Your task is to transcribe all of the data below exactly, omitting the images.

* [MATERIAL PROVIDED]:
────────────────────────────────────────
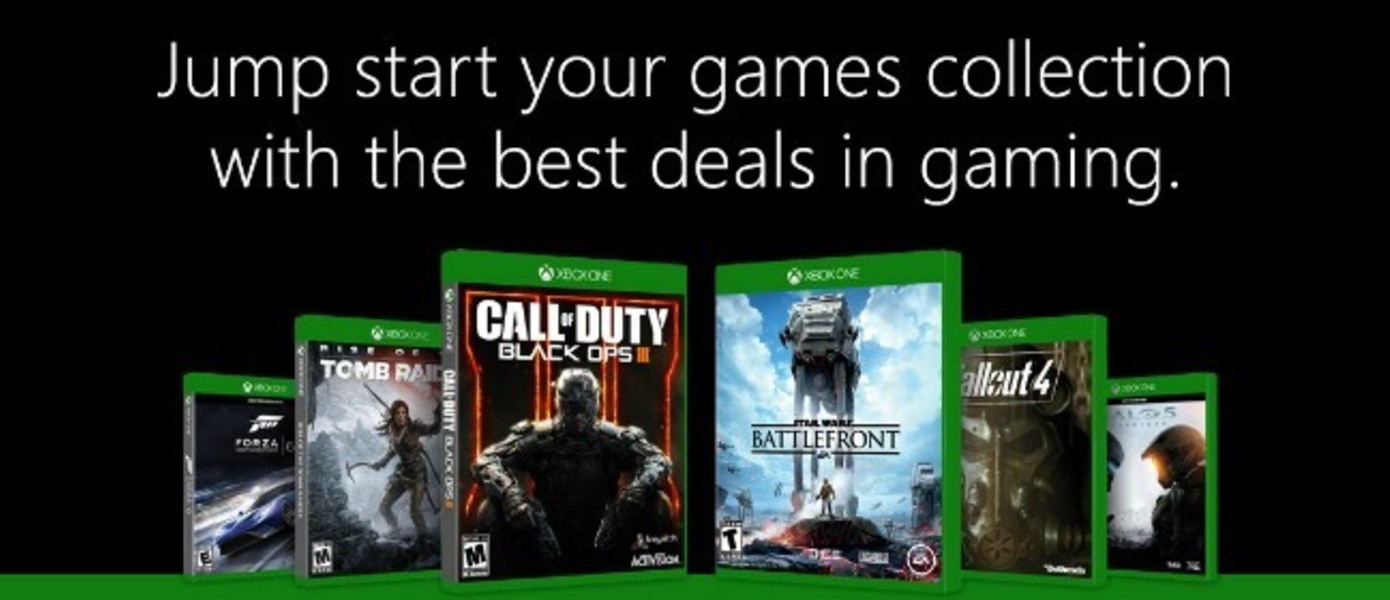 Покупатели новых бандлов Xbox One получат от Microsoft в подарок по игре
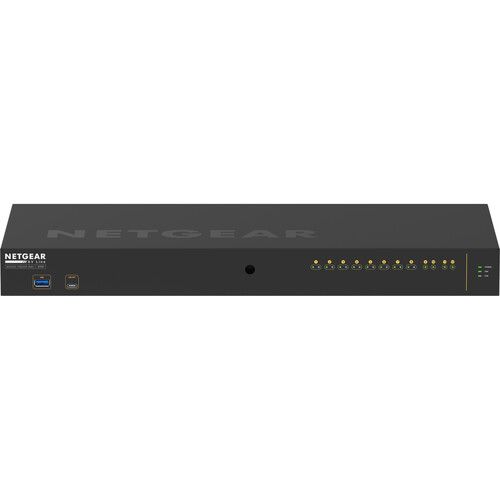  Netgear AV Line M4250 GSM4212PX 8-Port Gigabit PoE+ Compliant Managed AV Switch with SFP (240W)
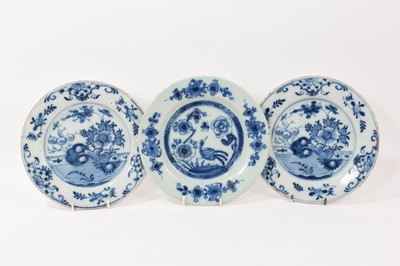 Lot 248 - Three 18th century Delft dishes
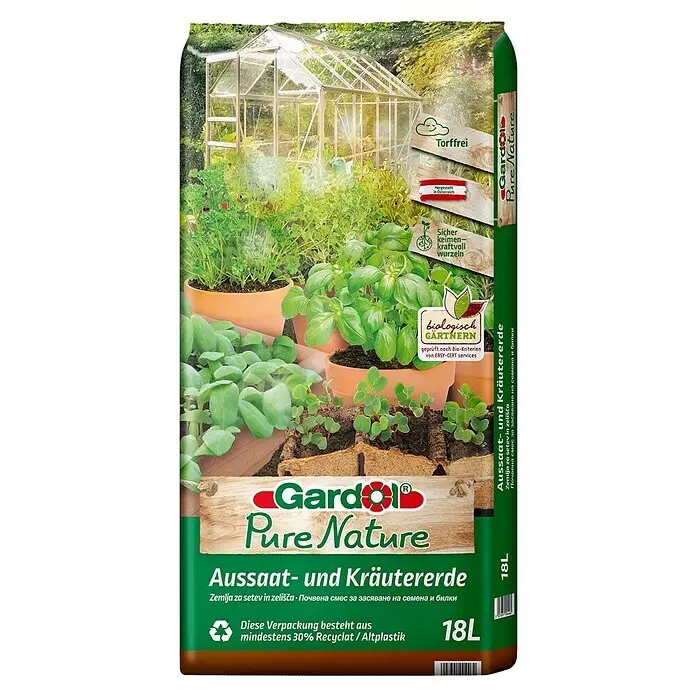 Aussaat- & Kr&auml;utererde Gardol Pure Nature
────────────────────────────────────────
* [SOLUTION FOR THIS PROBLEM]:
 Покупатели новых бандлов Xbox One получат от Microsoft в подарок по игре
  Netgear AV Line M4250 GSM4212PX 8-Port Gigabit PoE+ Compliant Managed AV Switch with SFP (240W)
 Lot 248 - Three 18th century Delft dishes
 Aussaat- & Kr&auml;utererde Gardol Pure Nature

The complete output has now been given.